Don’t let recovery options evaporate following vape pen injuries

2020-09-01T14:00:21+00:00January 23rd, 2018|

A few decades ago, the adverse health effects associated with smoking cigarettes were not widely known. Fast forward to the time when scientific investigation proved that medical dangers exist not only if you smoke cigarettes but even if you are exposed to second-hand smoke. The U.S. Attorney General ordered that cigarette manufacturers place a warning on all cigarette packages. Like many others in California, you may have been thrilled to learn about vape pens as alternatives to traditional, tobacco-rolled cigarettes.

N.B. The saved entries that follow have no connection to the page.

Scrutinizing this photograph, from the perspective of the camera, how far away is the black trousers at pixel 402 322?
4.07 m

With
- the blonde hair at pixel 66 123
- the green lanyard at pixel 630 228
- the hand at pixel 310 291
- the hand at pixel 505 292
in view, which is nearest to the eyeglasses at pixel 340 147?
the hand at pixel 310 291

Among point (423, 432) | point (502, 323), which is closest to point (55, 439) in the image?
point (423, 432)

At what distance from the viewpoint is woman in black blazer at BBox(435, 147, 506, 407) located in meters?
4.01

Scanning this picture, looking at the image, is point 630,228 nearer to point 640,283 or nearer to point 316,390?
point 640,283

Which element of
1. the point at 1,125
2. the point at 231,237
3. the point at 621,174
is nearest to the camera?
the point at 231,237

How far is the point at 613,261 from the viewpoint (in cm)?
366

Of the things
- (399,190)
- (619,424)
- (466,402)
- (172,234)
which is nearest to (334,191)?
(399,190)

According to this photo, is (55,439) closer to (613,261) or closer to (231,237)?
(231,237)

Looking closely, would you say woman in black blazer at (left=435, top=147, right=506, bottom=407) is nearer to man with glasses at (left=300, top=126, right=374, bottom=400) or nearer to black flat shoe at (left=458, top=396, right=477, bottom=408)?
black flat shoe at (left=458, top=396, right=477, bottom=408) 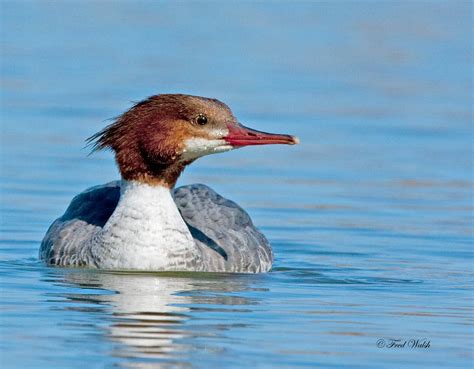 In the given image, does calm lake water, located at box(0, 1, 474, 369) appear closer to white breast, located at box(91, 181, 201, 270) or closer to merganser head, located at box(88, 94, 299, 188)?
white breast, located at box(91, 181, 201, 270)

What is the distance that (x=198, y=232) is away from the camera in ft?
45.2

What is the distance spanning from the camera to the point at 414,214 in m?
16.6

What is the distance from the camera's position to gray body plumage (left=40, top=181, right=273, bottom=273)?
13.4 meters

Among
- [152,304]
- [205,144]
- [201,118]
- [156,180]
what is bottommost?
[152,304]

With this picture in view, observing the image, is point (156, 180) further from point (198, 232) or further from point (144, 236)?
point (198, 232)

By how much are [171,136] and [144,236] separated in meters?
0.86

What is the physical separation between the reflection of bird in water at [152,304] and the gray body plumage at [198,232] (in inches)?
13.7

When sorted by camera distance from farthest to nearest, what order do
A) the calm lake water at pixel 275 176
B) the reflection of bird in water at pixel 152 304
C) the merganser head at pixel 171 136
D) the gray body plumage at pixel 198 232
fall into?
the gray body plumage at pixel 198 232 → the merganser head at pixel 171 136 → the calm lake water at pixel 275 176 → the reflection of bird in water at pixel 152 304

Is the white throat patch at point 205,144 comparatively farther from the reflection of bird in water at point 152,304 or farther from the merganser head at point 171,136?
the reflection of bird in water at point 152,304

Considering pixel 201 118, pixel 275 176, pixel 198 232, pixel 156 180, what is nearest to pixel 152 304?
pixel 156 180

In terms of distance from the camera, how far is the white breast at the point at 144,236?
510 inches

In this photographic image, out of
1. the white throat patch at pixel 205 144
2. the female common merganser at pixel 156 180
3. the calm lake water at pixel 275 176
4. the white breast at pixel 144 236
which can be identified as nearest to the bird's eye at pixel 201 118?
the female common merganser at pixel 156 180

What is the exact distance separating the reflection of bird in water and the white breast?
14 centimetres

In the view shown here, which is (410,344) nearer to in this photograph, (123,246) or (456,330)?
(456,330) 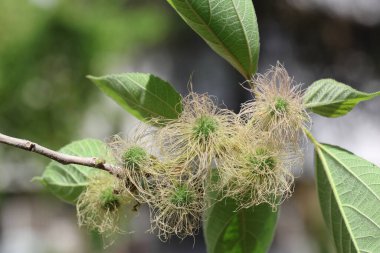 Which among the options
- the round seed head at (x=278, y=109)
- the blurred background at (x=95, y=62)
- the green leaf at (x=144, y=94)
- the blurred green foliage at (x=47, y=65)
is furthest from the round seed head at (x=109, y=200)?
the blurred green foliage at (x=47, y=65)

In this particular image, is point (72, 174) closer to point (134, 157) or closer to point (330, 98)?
point (134, 157)

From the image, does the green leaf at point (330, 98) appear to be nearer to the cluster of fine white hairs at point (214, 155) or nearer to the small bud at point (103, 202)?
the cluster of fine white hairs at point (214, 155)

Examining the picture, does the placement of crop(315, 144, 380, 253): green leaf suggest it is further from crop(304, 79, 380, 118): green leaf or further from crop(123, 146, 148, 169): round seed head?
crop(123, 146, 148, 169): round seed head

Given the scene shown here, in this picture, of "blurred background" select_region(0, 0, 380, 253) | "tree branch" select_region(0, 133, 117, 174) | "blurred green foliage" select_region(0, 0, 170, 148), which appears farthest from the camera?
"blurred green foliage" select_region(0, 0, 170, 148)

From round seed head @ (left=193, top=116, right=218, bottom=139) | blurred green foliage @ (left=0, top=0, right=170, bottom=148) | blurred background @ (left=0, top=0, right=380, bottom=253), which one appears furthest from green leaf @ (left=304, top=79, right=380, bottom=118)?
blurred green foliage @ (left=0, top=0, right=170, bottom=148)

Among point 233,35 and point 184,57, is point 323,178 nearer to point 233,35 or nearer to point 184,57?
point 233,35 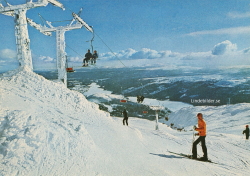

These portable electronic devices were quick to catch on. Whether you’re a medical marijuana patient, a smoker trying to kick a cigarette habit or simply curious to give vaping a try, you may have gone online or to an authorized marijuana dispensary to purchase your first pen. As with many other products, as time goes on, questions are surfacing as to whether vape pens are entirely safe for those who use them. If you plan to make it a habit, you’ll want to research the topic ahead of time.

Beware the potential dangers of vape pens!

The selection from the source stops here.